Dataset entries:
%%

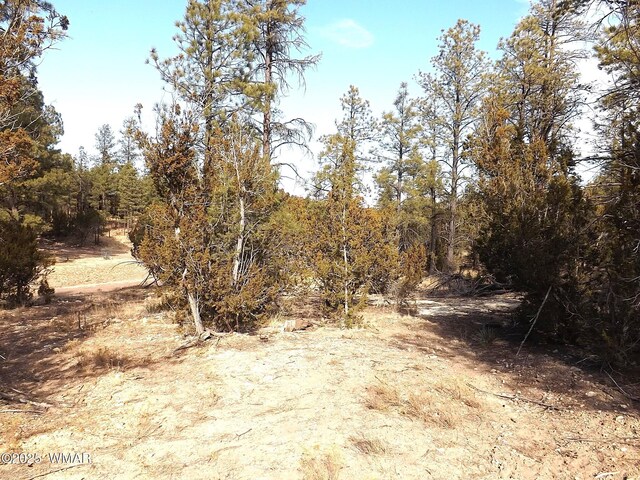 3341 Sawmill Ridge Loop, Heber, AZ 85928 - photo 6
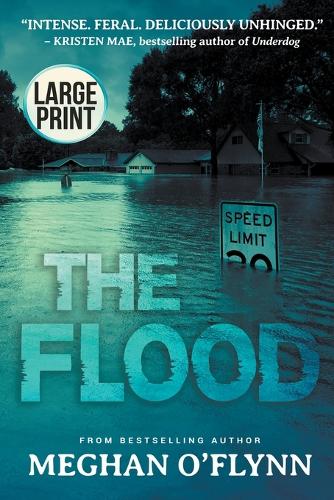 The Flood: A Novel (Large Print) (Paperback)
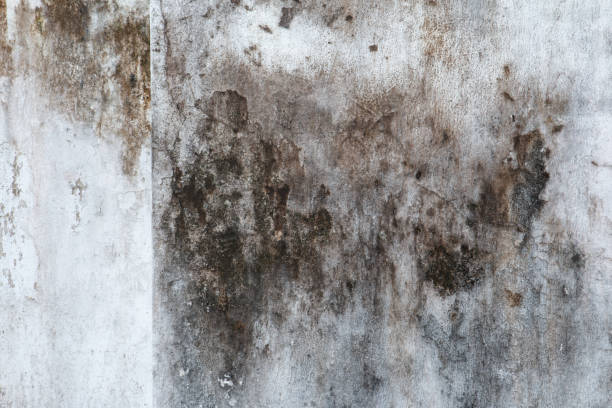 Best Commercial Mold Inspection  in Lynchburg, MS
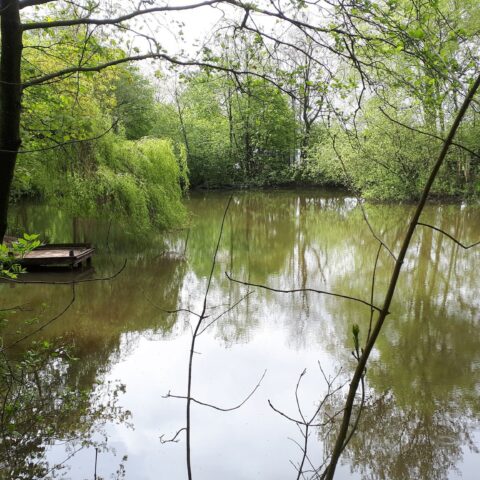 Keele Boggs Pools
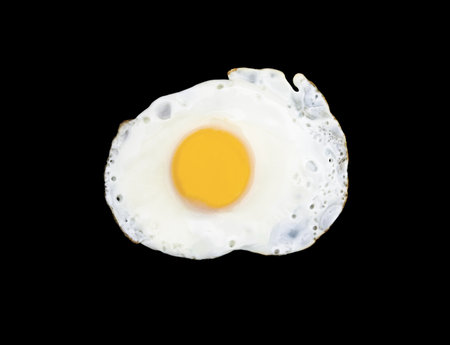 omelet on a black backgroundの写真素材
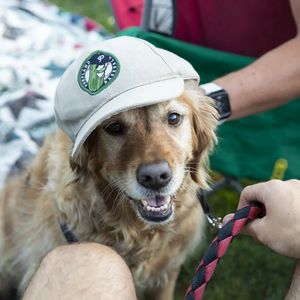 Image post by @picklesbaseball on Instagram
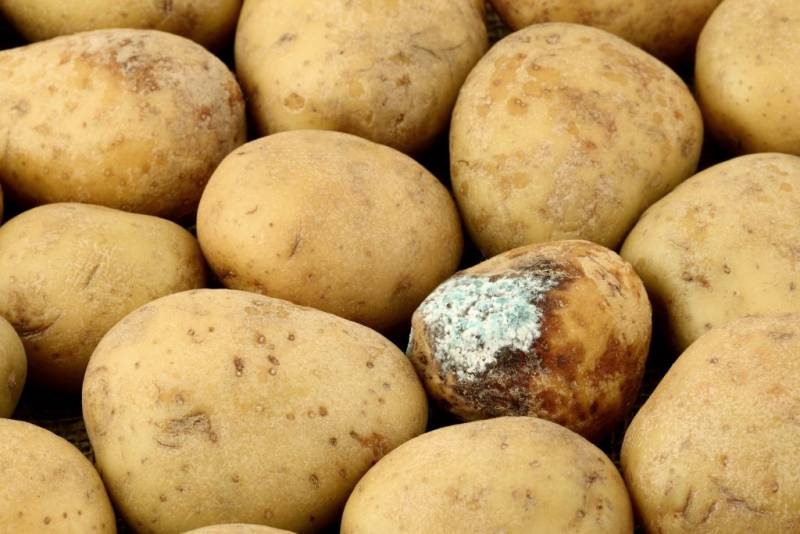 
Из-за чего картофель гниет в погребе и как это предотвратить                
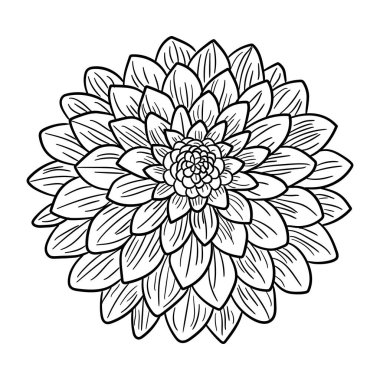 Güzel çiçekli mandala. vektör illüstrasyonu.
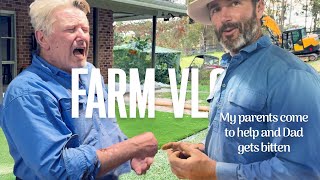 Making Over the Backyard Garden  The Australian Dog Farm Vlog [upl. by Rayna]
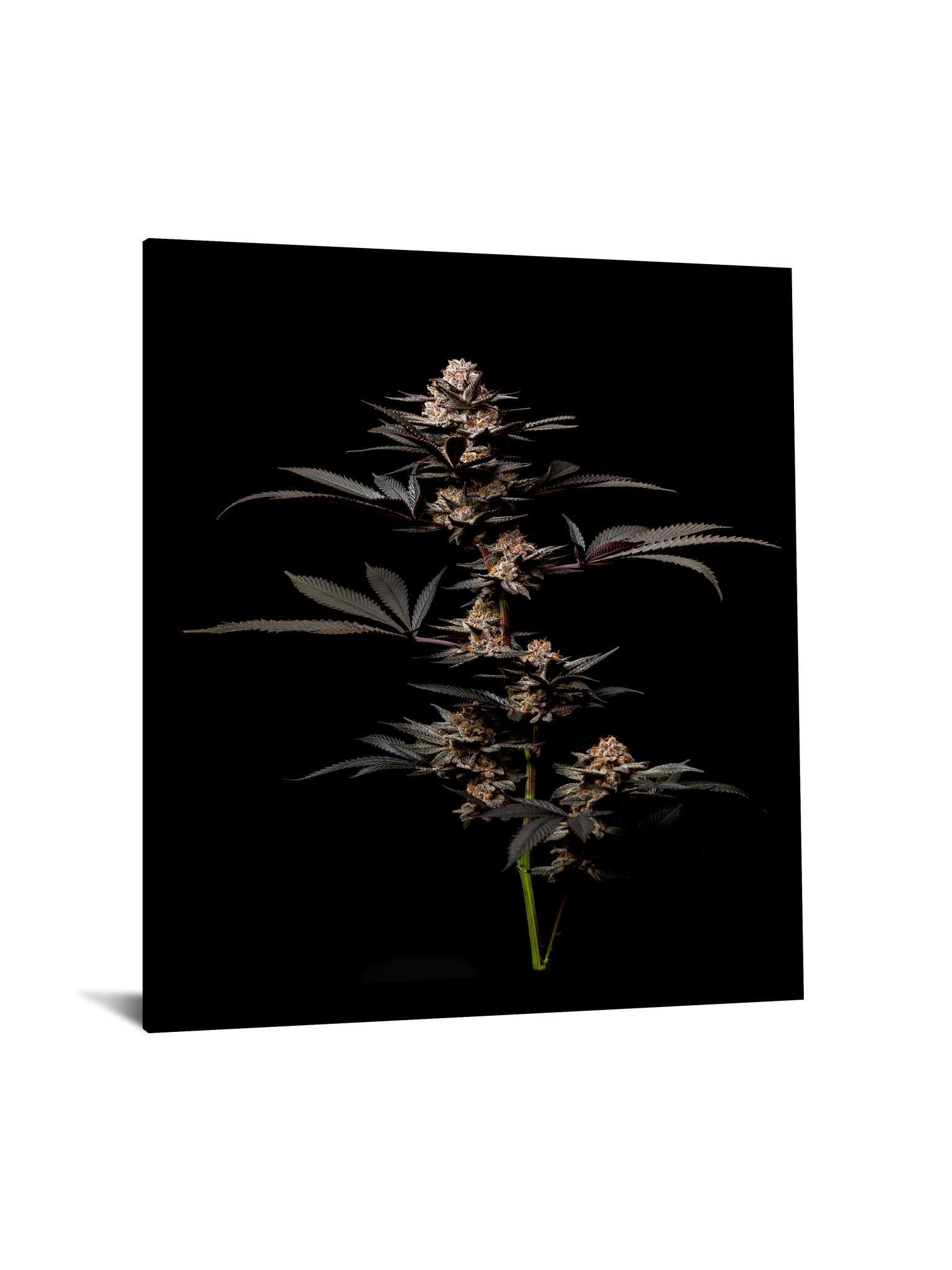 Tempered Glass With Foil - Cann 2 - Black Classy Art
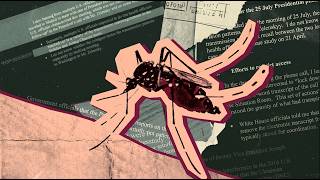 Florida's Dengue Outbreak Is Getting Worse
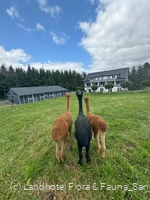 Landhotel Flora & Fauna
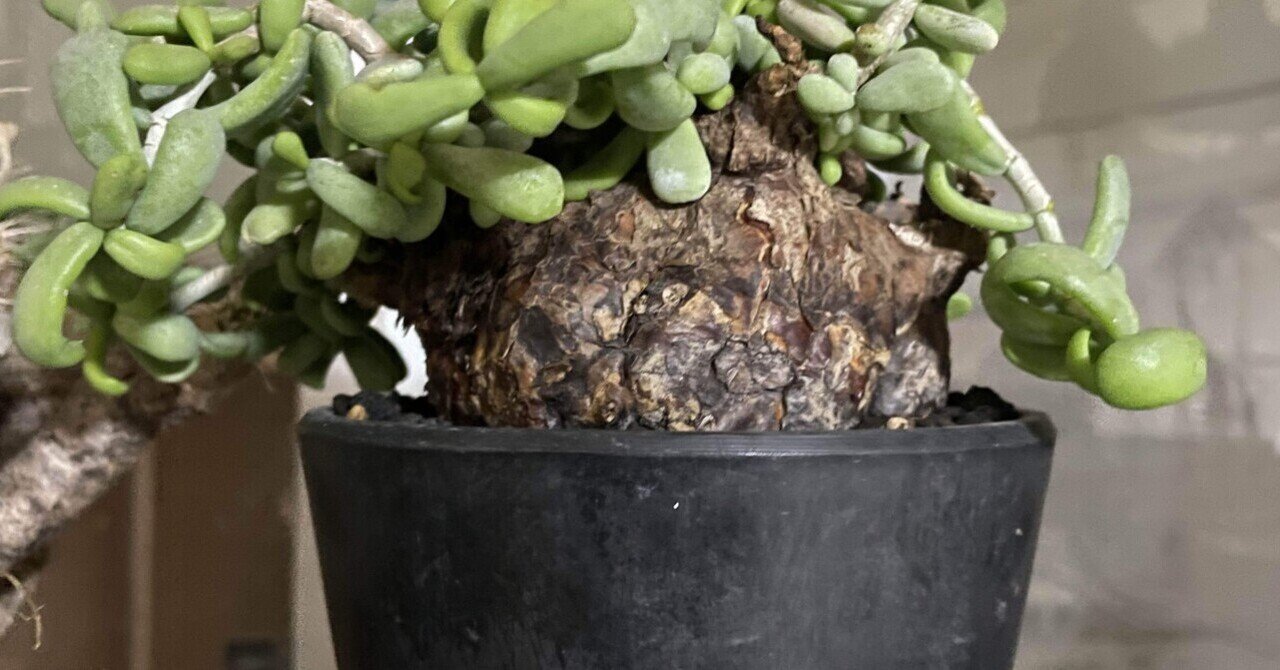 ケラリアピグマエアについて｜コーデックス ファンクラブ🌈🌈🌈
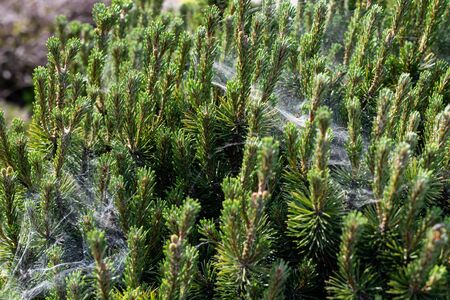 Coniferous spruce or pine tree branch covered with spider net in forest or park on sunny day. Tree with spiderweb. Plant disease.の写真素材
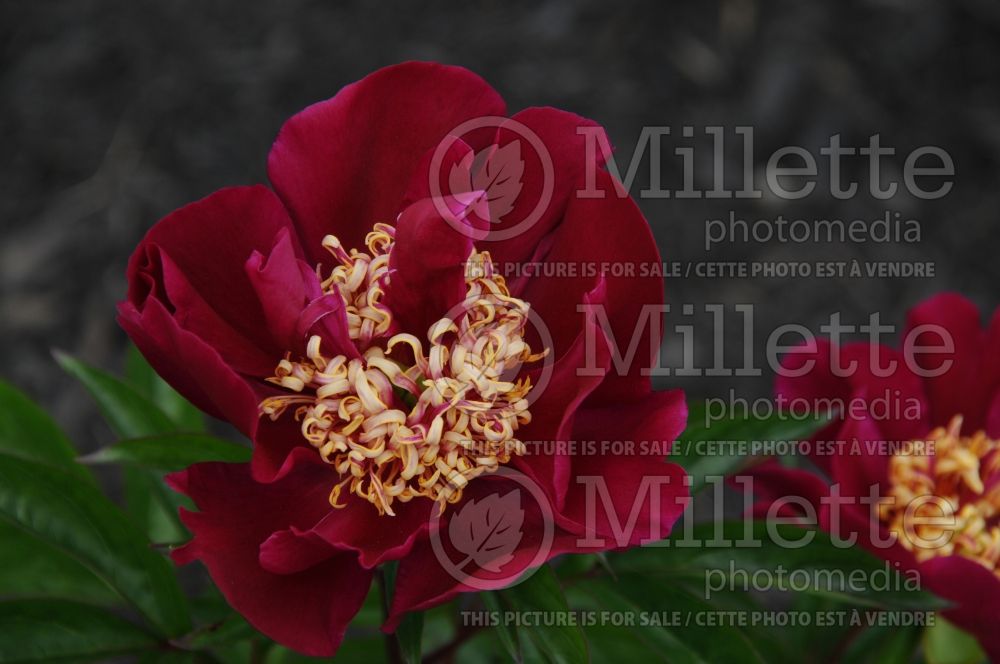 Paeonia Midnight Sun (Peony) 2 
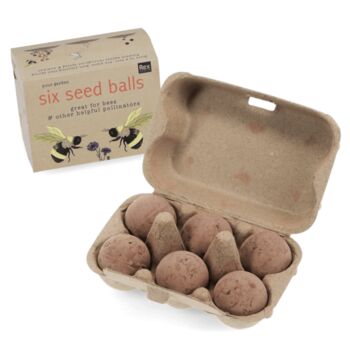 Sweet Box Of Six Seed Balls, 4 of 5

%%

- _TASK_
A verbatim copy of all the records, minus the pictures, is the expected answer.

- _ANSWER FOR THIS EXERCISE_
 3341 Sawmill Ridge Loop, Heber, AZ 85928 - photo 6
 The Flood: A Novel (Large Print) (Paperback)
 Best Commercial Mold Inspection  in Lynchburg, MS
 Keele Boggs Pools
 omelet on a black backgroundの写真素材
 Image post by @picklesbaseball on Instagram
Из-за чего картофель гниет в погребе и как это предотвратить                
 Güzel çiçekli mandala. vektör illüstrasyonu.
 Making Over the Backyard Garden  The Australian Dog Farm Vlog [upl. by Rayna]
 Tempered Glass With Foil - Cann 2 - Black Classy Art
 Florida's Dengue Outbreak Is Getting Worse
 Landhotel Flora & Fauna
 ケラリアピグマエアについて｜コーデックス ファンクラブ🌈🌈🌈
 Coniferous spruce or pine tree branch covered with spider net in forest or park on sunny day. Tree with spiderweb. Plant disease.の写真素材
 Paeonia Midnight Sun (Peony) 2 
 Sweet Box Of Six Seed Balls, 4 of 5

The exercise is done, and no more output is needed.